PARIS - Sitting in rows on a grassy embankment overlooking a Paris square, around 50 asylum-seekers recite the alphabet in French following a teacher pointing to letters on a whiteboard.
"Ew," Louise shouts, attempting to make herself heard above the passing traffic and the music spilling out of a nearby bar.
"Ooh!" comes the reply from the group of mostly Sudanese and Afghan youths, struggling to pronounce the tricky French'u'.
The migrants are attending free open-air language classes organized by a refugee support group at a dozen locations around the French capital.
On a warm summer evening, two classes are underway on the banks of the Bassin de la Villette, part of the canals in northeast Paris near where migrants are often found sleeping rough.
While Louise, 22, who did not wish to give her full name, teaches beginners, Pierre Piacentini, a retired nurse, instructs Level 2 students on how to describe the various ailments they may find themselves explaining to a doctor.
Many in Piacentini's group are regulars at the daily classes, who show up come rain or shine.
"They were here when it was - 5 C, they're here when it rains, when it's hot, when they have the sun in their faces. They're really into it basically," he said.
Founded in November 2015 at the height of the migrant crisis in Europe, the association BAAM (the French acronym for Office of Reception and Assistance for Migrants) aims to give asylum-seekers some of the support withheld by the state while their asylum claims are being processed.
That includes language classes, with the French government only offering lessons to people who have received refugee status.
"The problem is that the asylum processing times are very long. People want to learn French and they can't," said Julian Mez, one of the founders of BAAM.
President Emmanuel Macron, elected in May, has promised to cut the waiting times for asylum claims from around 18 months at present to six months.
Omar, a 28-year-old Sudanese, began classes nine months ago. Before, he said, he knew "nothing".
"Now, I speak well," he said in correct French.
Besides teaching French, BAAM's volunteers help migrants negotiate the country's bureaucracy and complete forms.

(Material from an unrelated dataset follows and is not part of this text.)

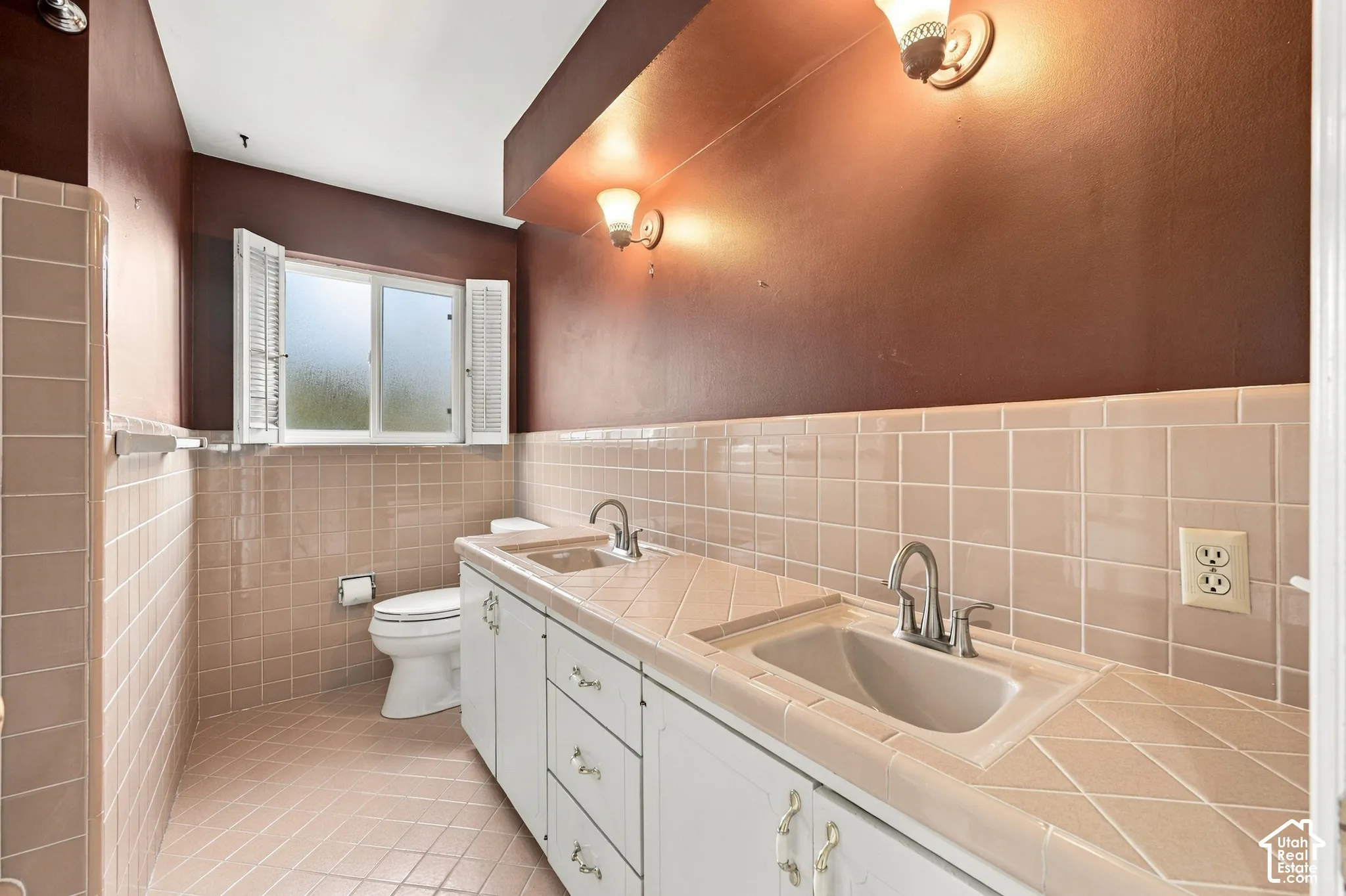 Main Bathroom featuring dual vanity with integrated sinks, tiled countertop, wall-mounted light fixtures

Piacentini has been teaching every day for nine months. "It's like a drug," he says, laughing.
It is a steep learning curve both for teacher and pupil, as he discovered one day during a class about family.
Amazed that all the Sudanese students, when asked to list their siblings, mentioned only their brothers, he asked: "Don't you have any sisters?"
Later, one of the students took him aside and told him that it was inappropriate to ask Sudanese men about female relatives.